__Instructions for the task__.
Using the records below, copy exactly the part that opens with the line holding "new 2025 Kia Niro car, priced at $27,417" and closes with the line holding "Fixed Price vs", minus the pictures.

__Input data__.

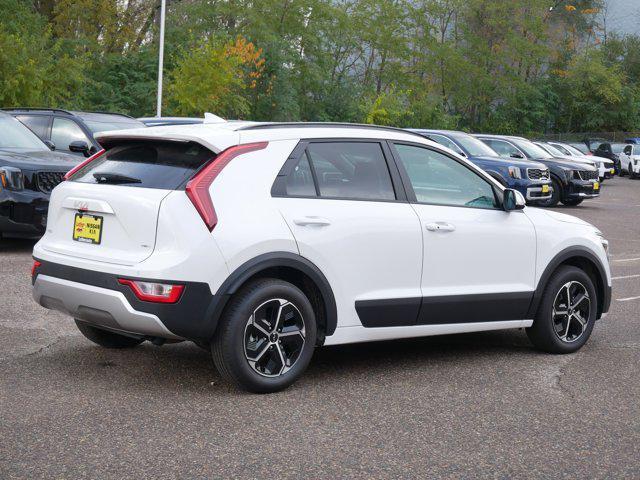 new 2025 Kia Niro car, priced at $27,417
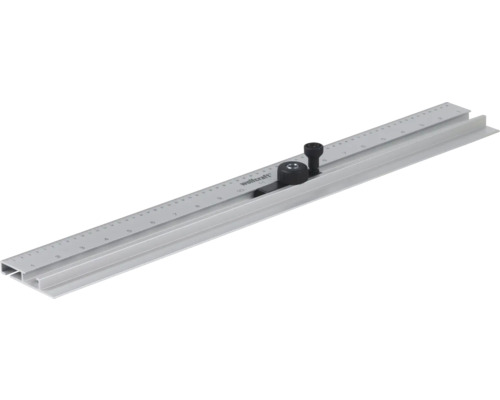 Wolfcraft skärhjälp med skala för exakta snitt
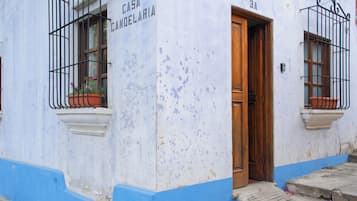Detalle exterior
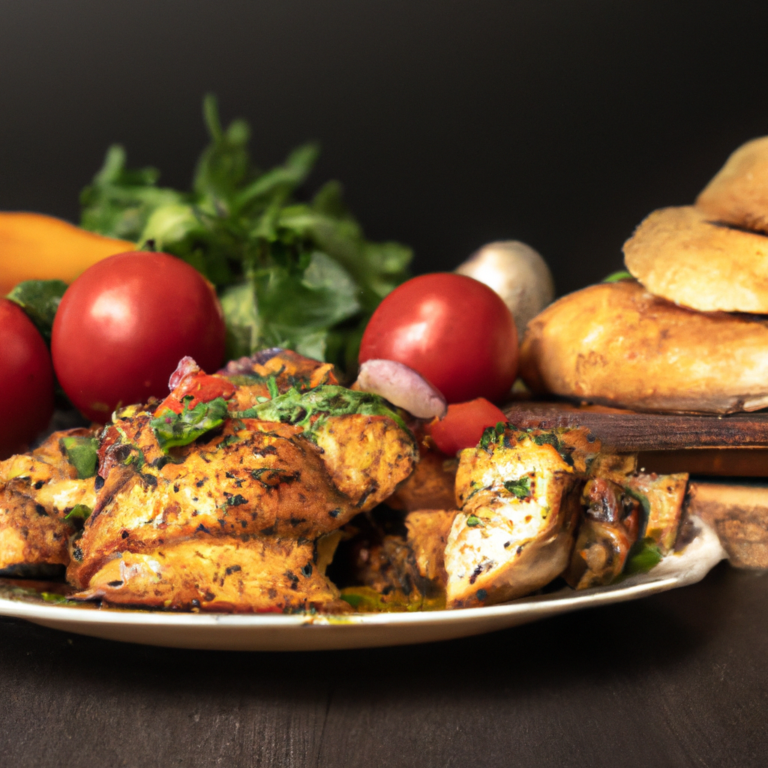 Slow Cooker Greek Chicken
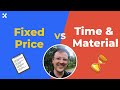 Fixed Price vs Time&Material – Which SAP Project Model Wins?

...

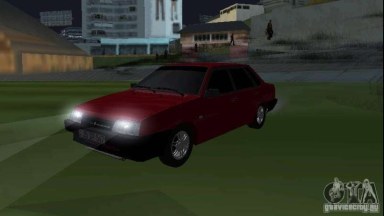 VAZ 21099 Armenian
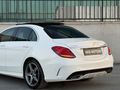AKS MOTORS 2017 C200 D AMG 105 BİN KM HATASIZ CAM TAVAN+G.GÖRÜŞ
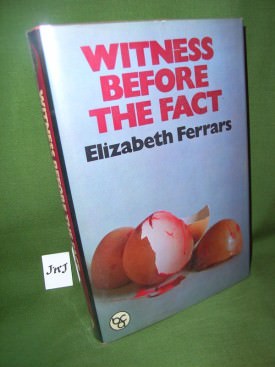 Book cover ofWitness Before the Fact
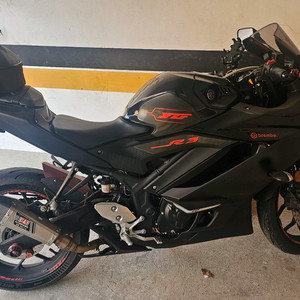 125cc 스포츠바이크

---

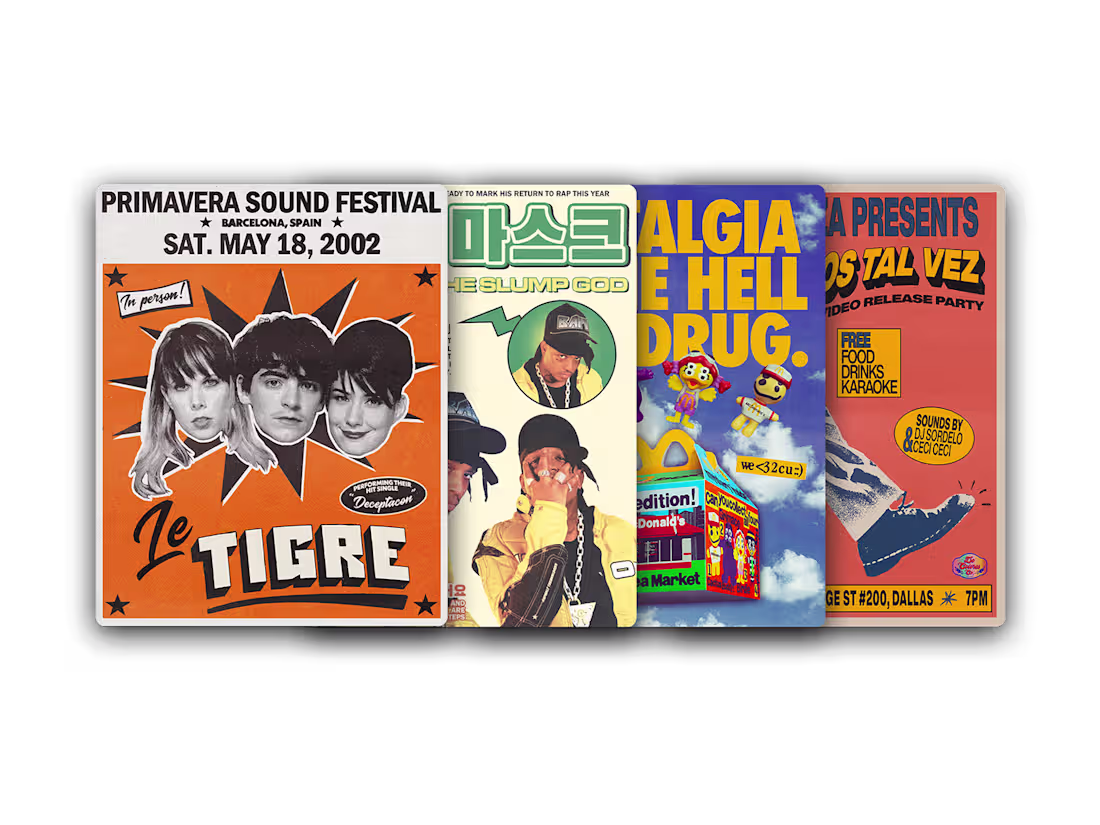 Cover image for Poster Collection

__Solution to this problem__.
 new 2025 Kia Niro car, priced at $27,417
 Wolfcraft skärhjälp med skala för exakta snitt
Detalle exterior
 Slow Cooker Greek Chicken
 Fixed Price vs Time&Material – Which SAP Project Model Wins?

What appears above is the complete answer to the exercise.